Report Synopsis

Australian Lamb/Sheepmeat – Commodity or Premium Product?

Michael Craig

The Australian sheep/lamb meat industry is at an exciting point in development. Australia exports a multitude of products to over 65 countries, while also continuing to supply 45% to the higher value domestic market. Australia’s reputation internationally is “clean and green” and a key comparative advantage.

Australia has not experienced issues like the horse meat scandal, FMD or BSE but there are challenges, particularly in relation to how chains coordinate to capture and create consumer value. The nature of Australia’s climatic variation has created a production led, not a consumer driven chain. Animal variation, combined with speculative pricing and a history of distrust between producers and processors has seen the evolution of the physical saleyard system as the dominant way animals are transacted and prices established. This mechanism has a traditional history and has worked to provide processors with supply and a simple method for producers to ensure perceived competition.

The challenge for industry is whether this system is the best long-term mechanism for creating a quality focussed industry.

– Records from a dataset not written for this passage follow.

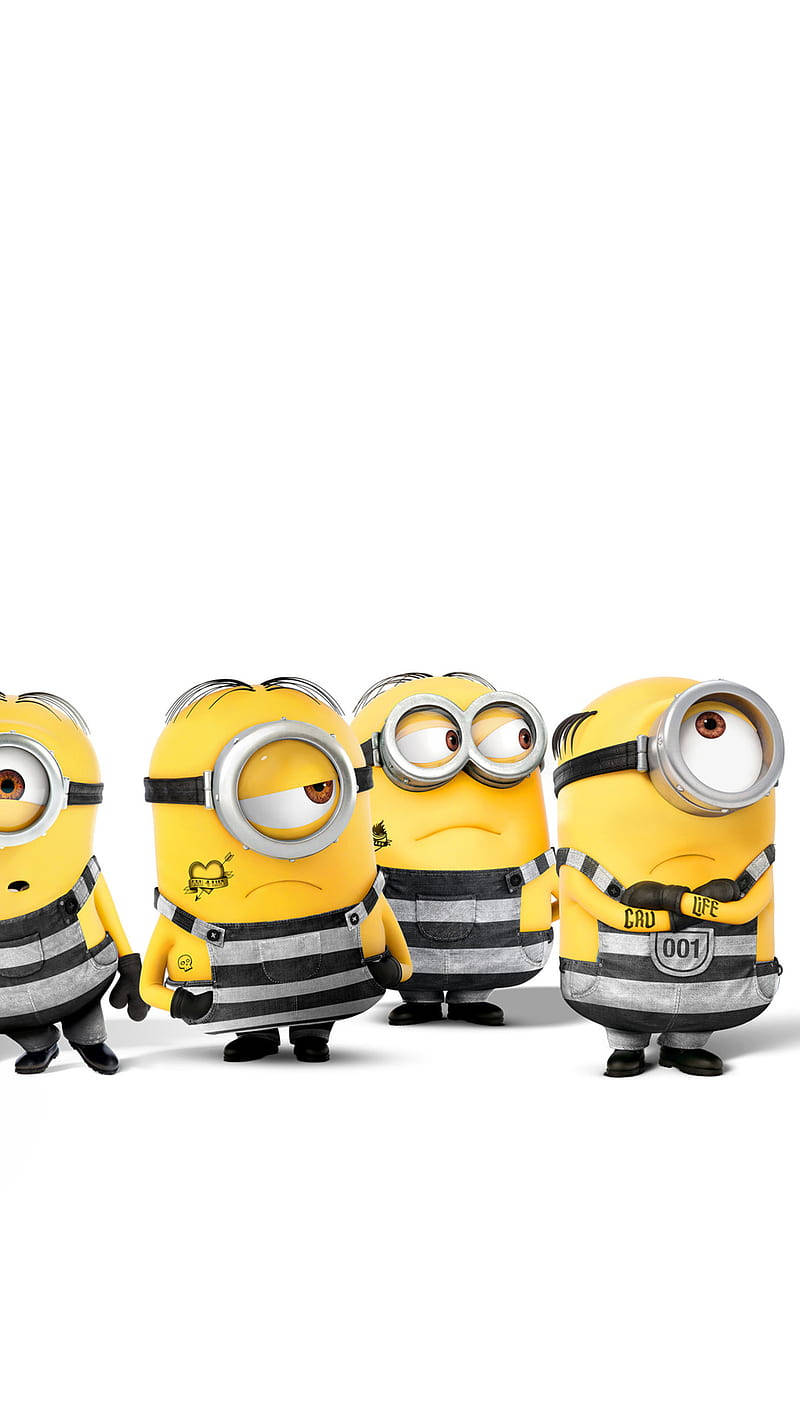 Minions In Inmates Uniform Despicable Me 3 Wallpaper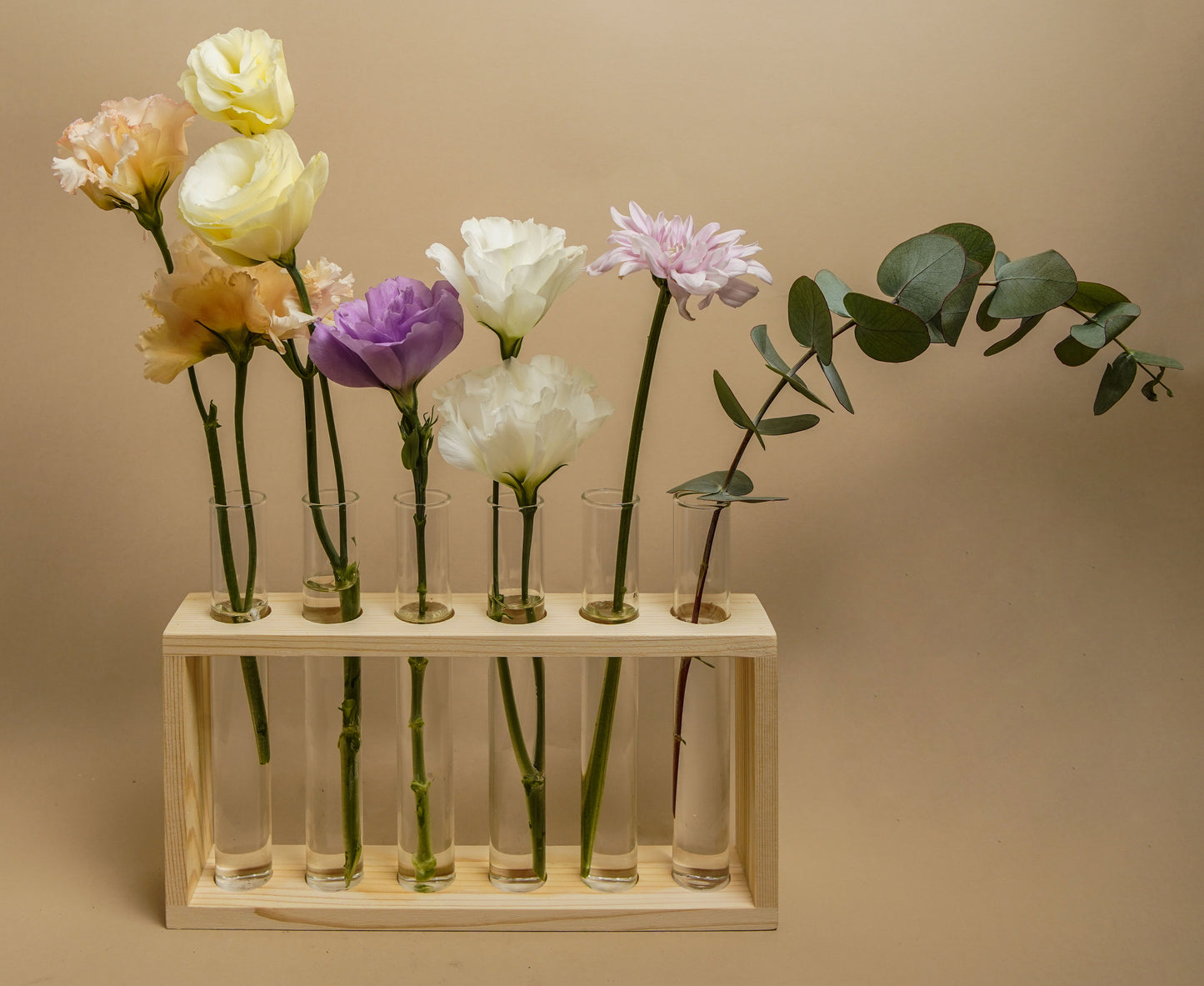 Florescencia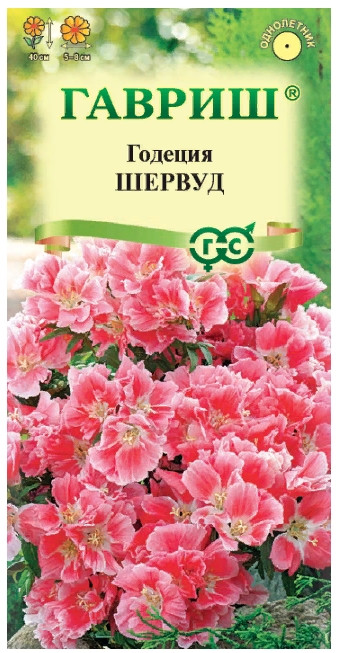 Годеция Шервуд Махровая Гавриш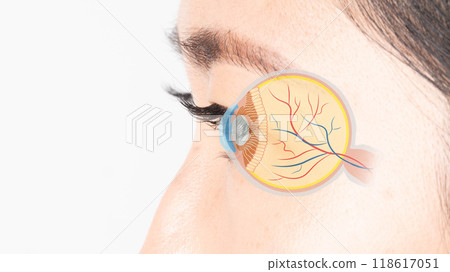 Female human eye ball intersection anatomy system. Digital vision eye care concept. Female human eye ball intersection anatomy system. Digital vision eye care concept. 118617051
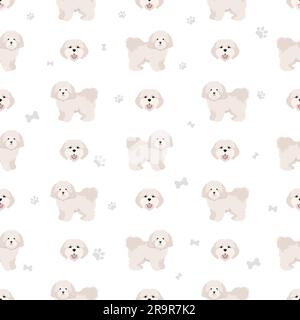 Coton de Tulear seamless pattern. Different poses, coat colors set.  Vector illustration Stock Vector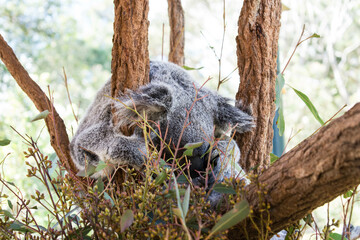 Life on Earth Through My Eyes.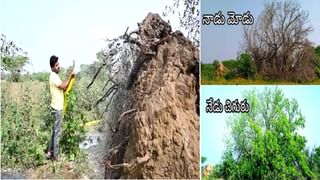 Covid lockdown: ఆ గ్రామస్థుల సెల్ఫ్ లాక్ డౌన్.. సిరిసిల్ల జిల్లాలో మళ్లీ కరోనా కలకలం..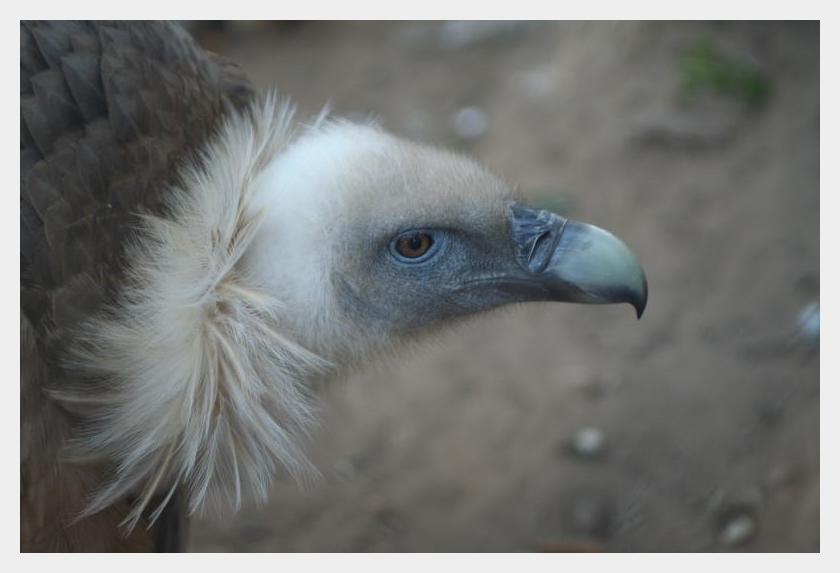 фото "Vulture" метки: природа, дикие животные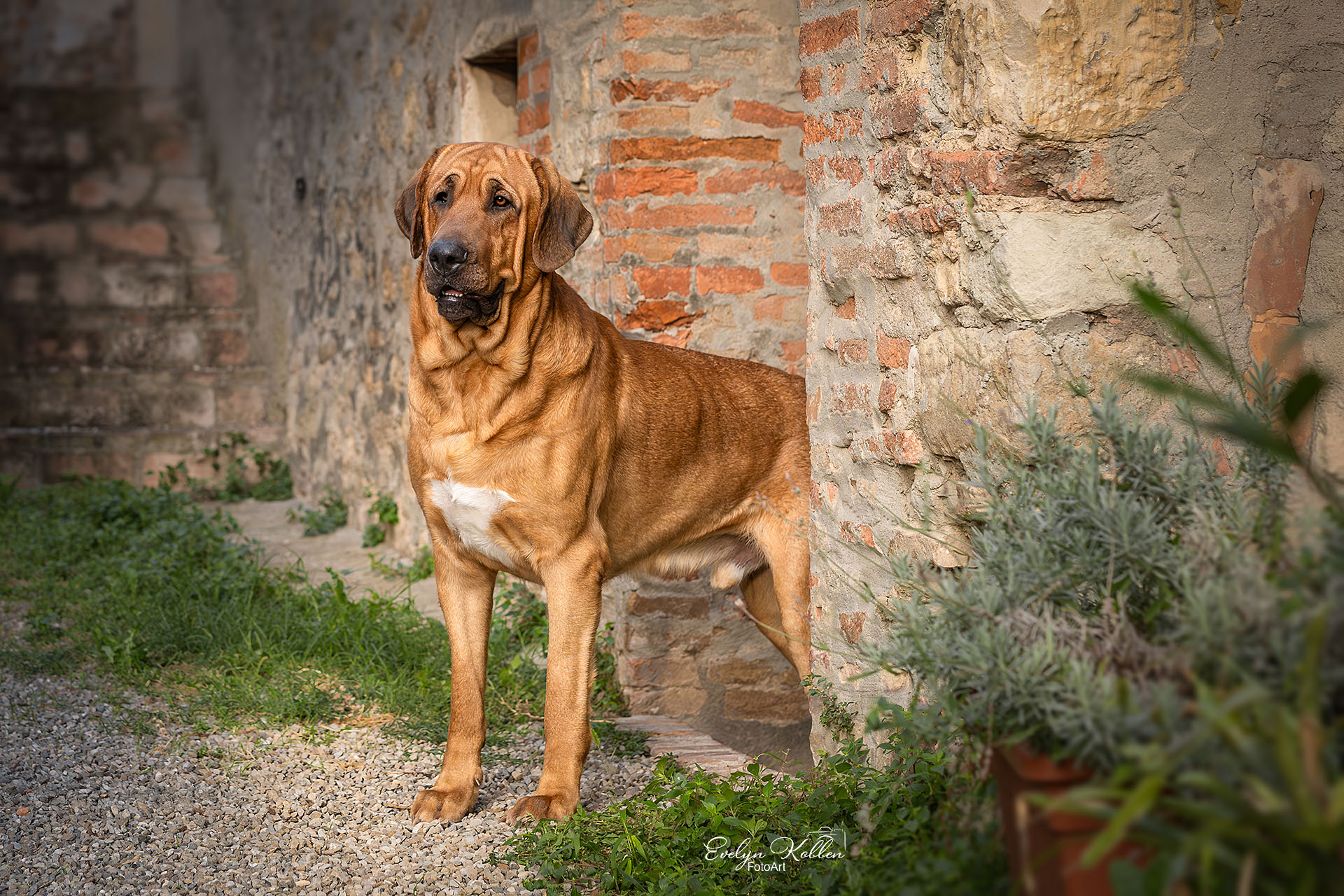 Ein Broholmer steht im Eingang eines Steinhauses in Italien, die Sonne gibt weiches Licht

Can it give producers transparent price signals to incentivise value on farm, which may be difficult to distinguish outside the normal ebb and flow of price variability relating to supply associated with Australia’s climate variability? Unlike global competitors, saleyards have become the cornerstone of Australia’s system, as illustrated by the main price indicator (ESTLI) being based on reported saleyard prices.

The problem with the saleyard system is it averages animals on guestimates of live weight, fat cover and dressing percentage. It creates additional transaction costs, with yard fees, transport costs and buyers and agents on both sides of the transaction. This limits understanding and communication flow. On a collective industry level, saleyards increase biosecurity and welfare risk, while also damaging the product through unnecessary stress of loading and unloading of animals.

So, with these unnecessary additional costs of transacting product this way, why is over 60% of finished product transacted through saleyards which then directly filters into how the overthe-hook prices are established?

  • For producers, the reasons are varied, but focus on the following key areas:
  • Lack of trust going direct with processors that animals are trimmed and not harshly discounted.
  • Costs of saleyards outweighed by the additional upside benefits of perceived competition.
  • Simplicity and tradition that saleyards offer smaller lot sizes.
  • The advice from agents to gain maximum competition in saleyards.

Saleyards are reflective of a larger more systemic risk of the systems that have evolved over time, where perfectly rational behaviour at an individual level destroys potential collective chain value. There will always be a role for saleyards, store markets and secondary product, but the key question for industry to decide is: Should this averaging system be the mechanism to set the price of the finished animal?